§ **MATERIAL PROVIDED**

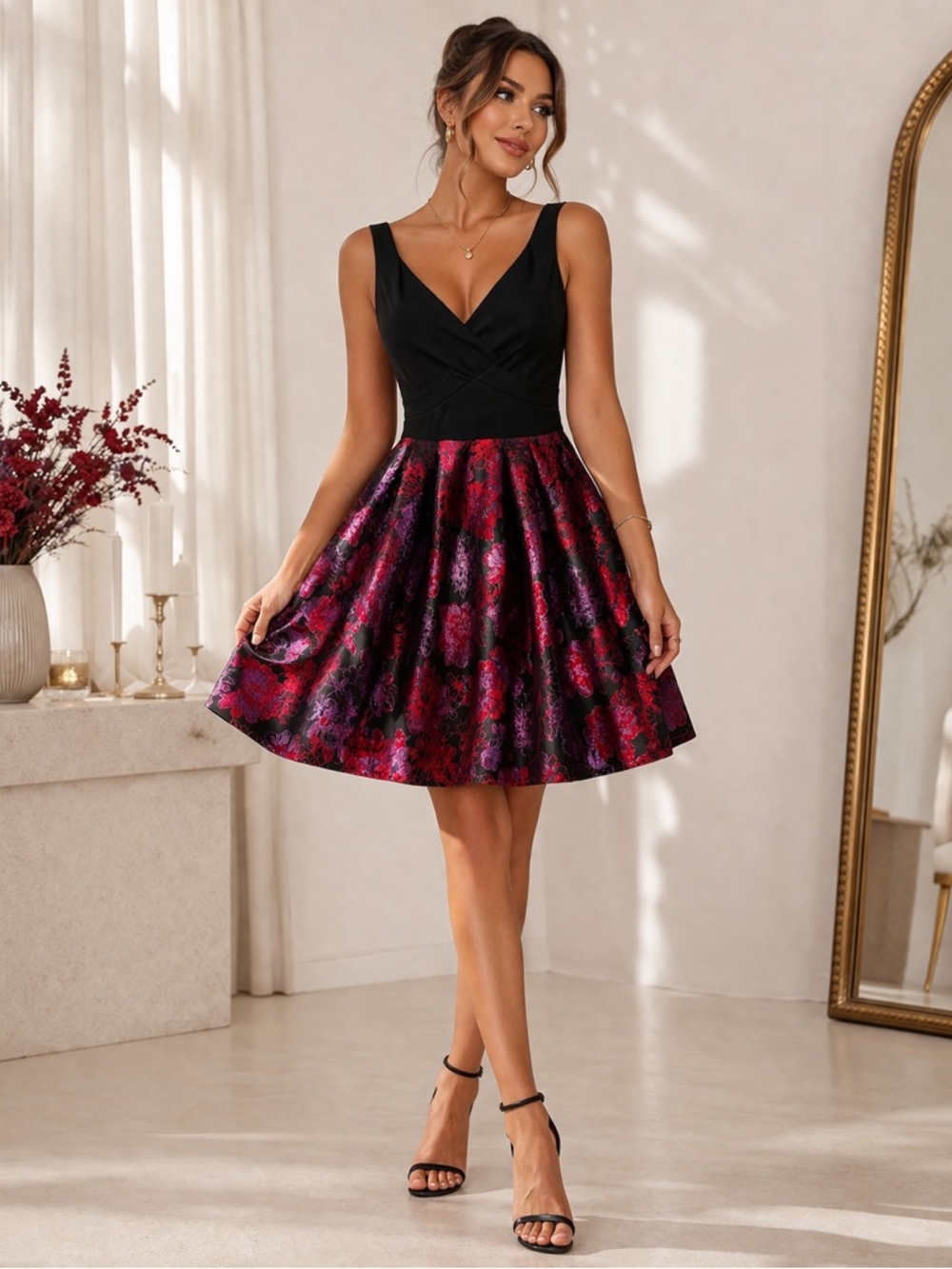 Crystal Doll Black Fit & Flare Dress Red Purple Brocade Skirt Party Cocktail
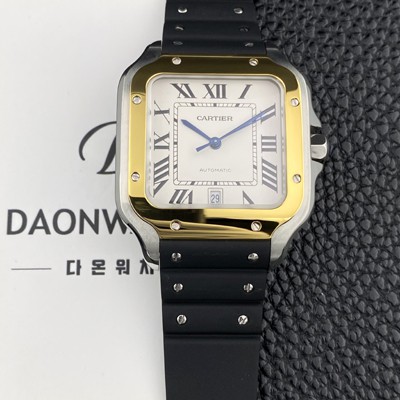 홍콩명품 [까르띠에] 남성용 산토스 드 까르띠에 워치 W2SA0009 라지 39.8mm 18K 옐우골드 오토매틱 9015 무브먼트 화이트 다이얼 car69397  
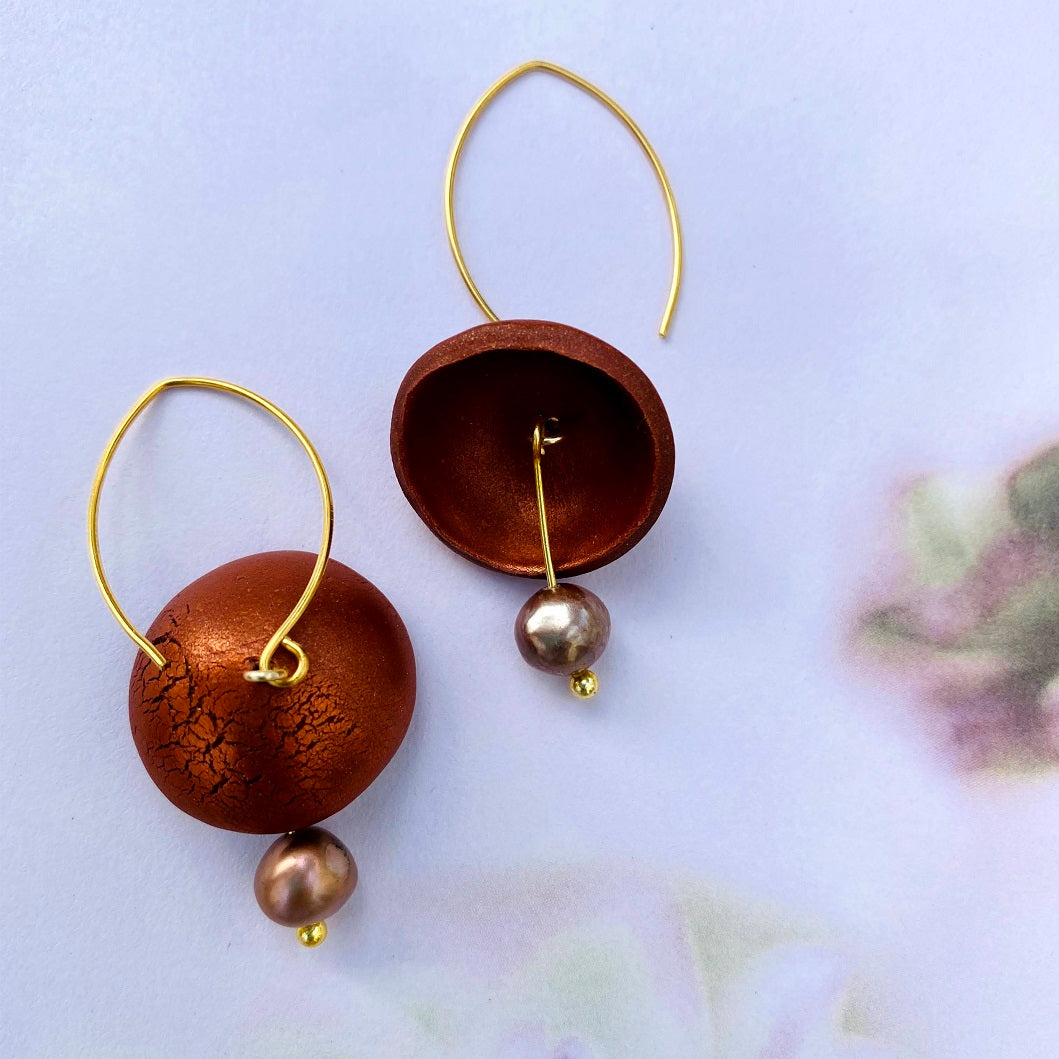 Small Tinkerbell Pearl Copper Dangles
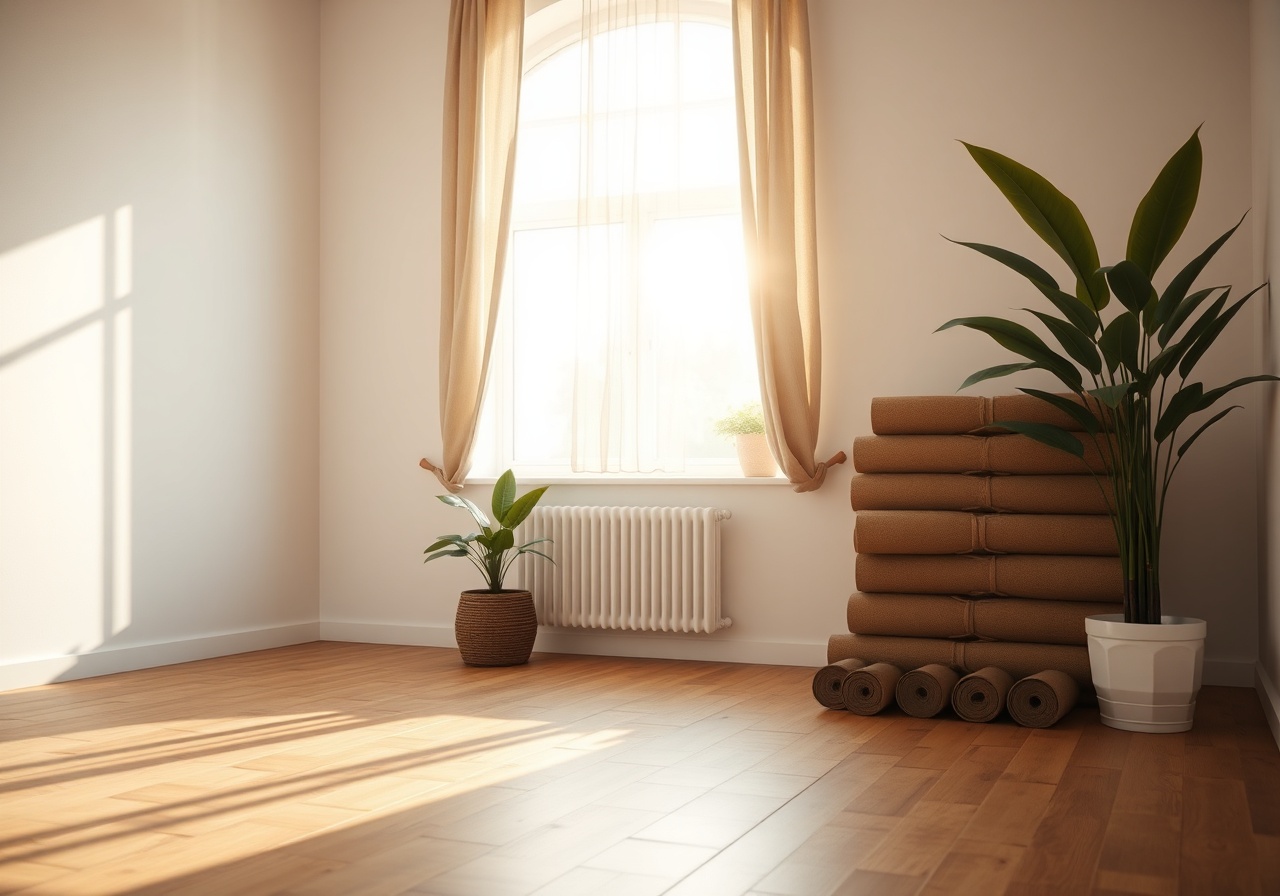 A serene yoga studio interior featuring warm terracotta walls and soft natural light filtering through large windows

§ **PROBLEM STATEMENT**
Copy the material above in full and exactly, skipping pictures.

§ **YOUR RESPONSE**
 Crystal Doll Black Fit & Flare Dress Red Purple Brocade Skirt Party Cocktail
 홍콩명품 [까르띠에] 남성용 산토스 드 까르띠에 워치 W2SA0009 라지 39.8mm 18K 옐우골드 오토매틱 9015 무브먼트 화이트 다이얼 car69397  
 Small Tinkerbell Pearl Copper Dangles
 A serene yoga studio interior featuring warm terracotta walls and soft natural light filtering through large windows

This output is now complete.